## REQUIREMENT
Look below for the line with "Alloy Enamel European Beads FIND-G035-35MG-1" and the line with "Wholesale Joshua Vides". Copy exactly those two lines and every line between, but not the pictures.

## THE INPUT
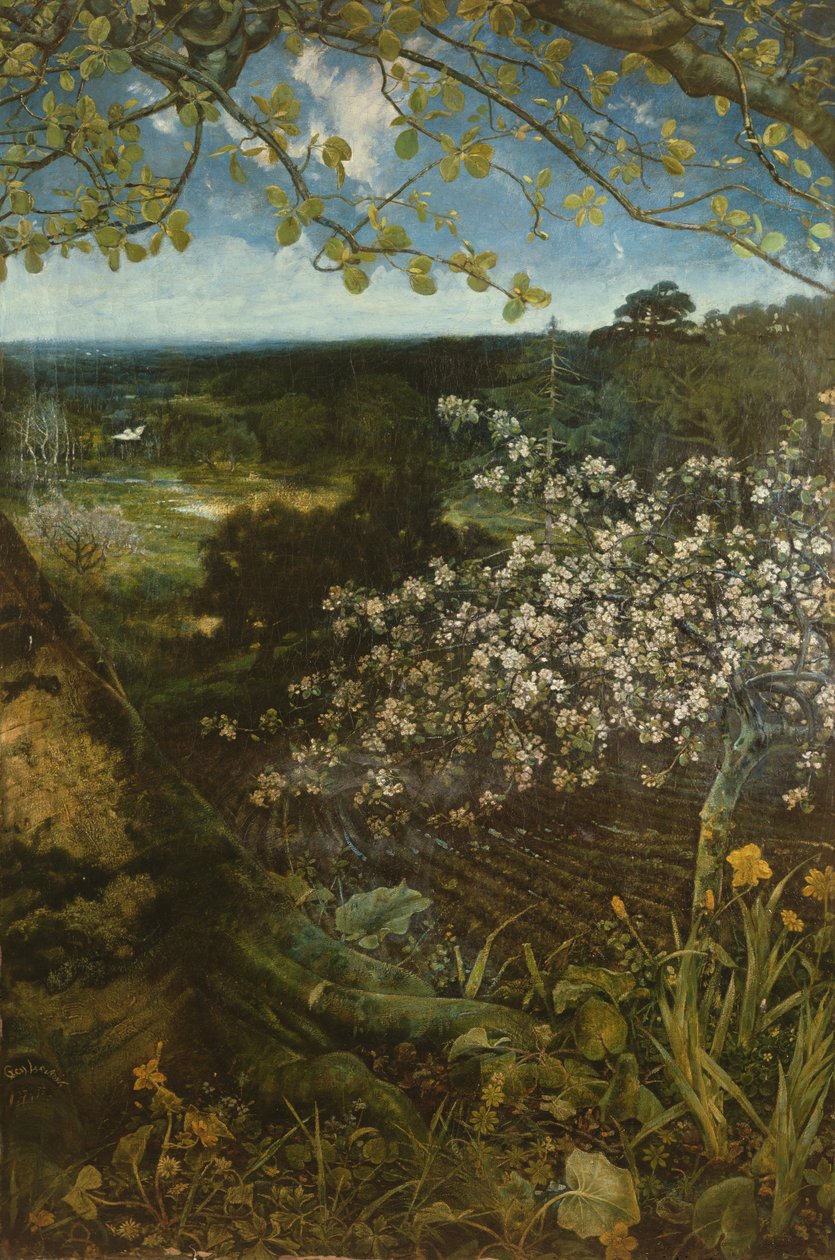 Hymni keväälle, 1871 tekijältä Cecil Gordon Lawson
---
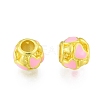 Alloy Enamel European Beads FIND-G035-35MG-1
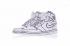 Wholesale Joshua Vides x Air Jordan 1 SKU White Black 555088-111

## SOLUTION
 Alloy Enamel European Beads FIND-G035-35MG-1
 Wholesale Joshua Vides x Air Jordan 1 SKU White Black 555088-111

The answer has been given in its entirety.